Nak Mas pernah dengar hadits yang menyatakan bahwa hati manusia adalah raja, sementara anggota tubuh lainnya adalah prajuritnya...?” Tanya Ki Bijak.
“Ya ki............” Kata Maula sambil menyebut hadits dimaksud;
“................Ketahuilah bahwa di dalam tubuh ada segumpal daging, jika ia baik seluruh tubuh akan baik jika ia rusak seluruh tubuh akan rusak. Ketahuilah dialah hati." (Muttafaq Alaihi) ".
“Nak Mas benar, itu hadits_nya, lalu menurut Nak Mas, bagaimana kalau ada prajurit yang bertindak sendiri tanpa sepengetahuan dan persetujuan sang raja....?” Tanya Ki Bijak kemudian.
“Artinya prajurit itu telah lancang mendahului kehendak raja ki.......?” Kata Maula.
“Apakah menurut Nak Mas prajurit yang lancang ini baik atau sebaliknya....?” Tanya Ki Bijak.
“Tentu prajurit yang lancang ini tidak baik ki, karena sehebat apapun dia, seharusnya dia mengikuti titah sang raja sebelum mengambil tindakan apapun, karena baik buruknya hasil pekerjaan itu akan berdampak pada raja dan kerajaan secara keseluruhan........” kata Maula.

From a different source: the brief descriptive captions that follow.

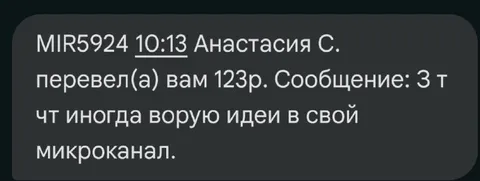 Перевела 123 рубля за идею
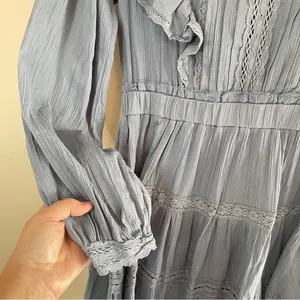 JUST ME BOUTIQUE NWT Western Boho LS‎ Ruffle Apron Cotton Mini Dress, Medium thumbnail 5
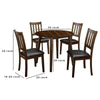 Wooden Dining Table with Ladder Back Style Chairs Set of 5 Brown By Casagear Home BM236574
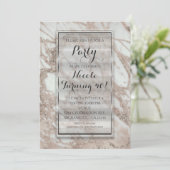 Marble Glam Roos Pink Gold Silver Party - Uitnodig Kaart (Staand voorkant)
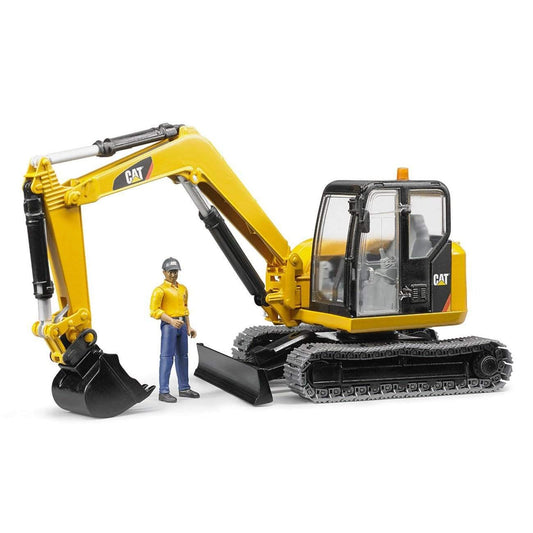 Bruder CAT mini excavator with worker for realistic, hands-on play indoors and outdoors.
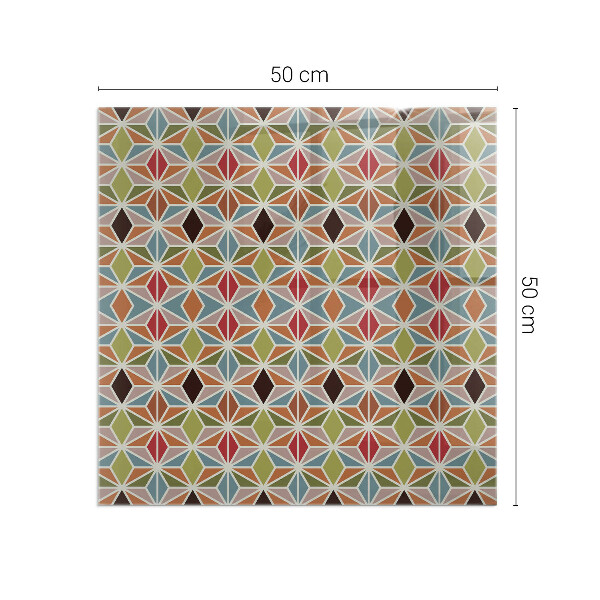 Square glass hearth Polygonal patterns in a grid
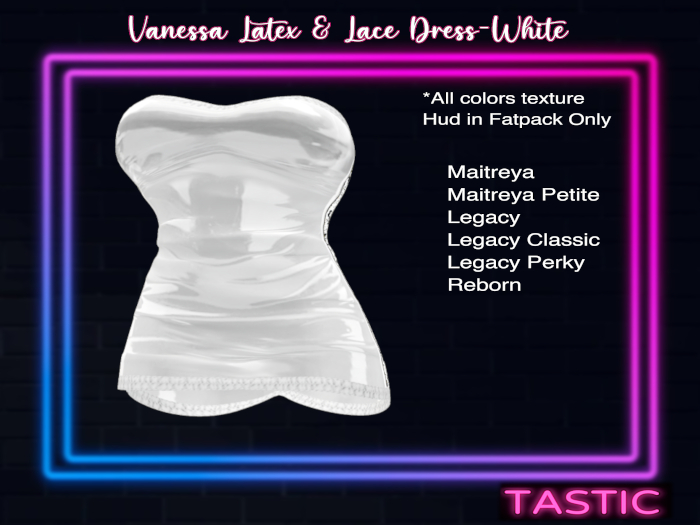 Tastic-Vanessa Latex and Lace Dress White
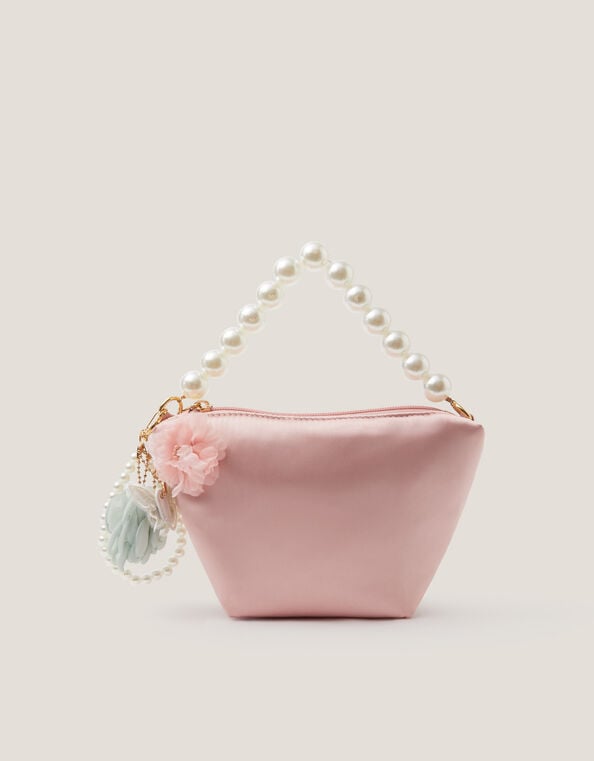 Satin Pearl Charm Bag, , large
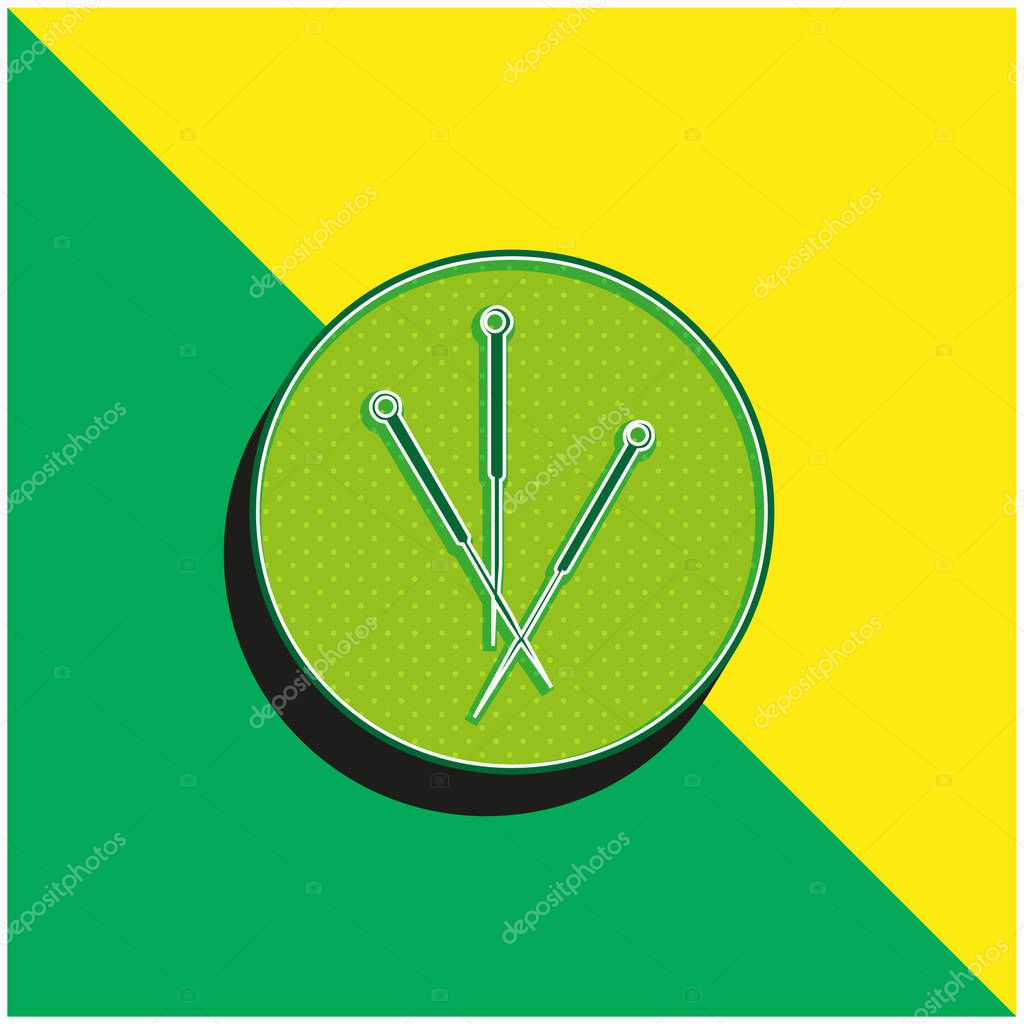 Acupuncture Needles In A Circle Green and yellow modern 3d vector icon logo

“Nak Mas benar, prajurit yang baik adalah prajurit yang senantiasa menjunjung tinggi titah rajanya, dan itu sebuah tamsil bagi akal dan pikiran kita selaku prajurit, dan hati kita selaku sang raja, dalam kata lain, kita tidak boleh mengedepankan akal pikiran kita semata tanpa melibatkan sang raja dalam mengambil sebuah keputusan dan tindakan, karena hal itu sangat berisiko........” kata Ki Bijak.
“Adalah sangat bijak jika setiap perkataan dan perbuatan kita, kita kompromikan dan tanyakan terlebih dahulu pada hati kita, agar kita tidak menyesal karenanya…..” sambung Ki Bijak.
“Ki, bagaimana kita bisa mendengar dan mengetahui kata hati kita bahwa perbuatan dan perkataan yang akan kita lakukan itu benar atau salah….?” Tanya Maula.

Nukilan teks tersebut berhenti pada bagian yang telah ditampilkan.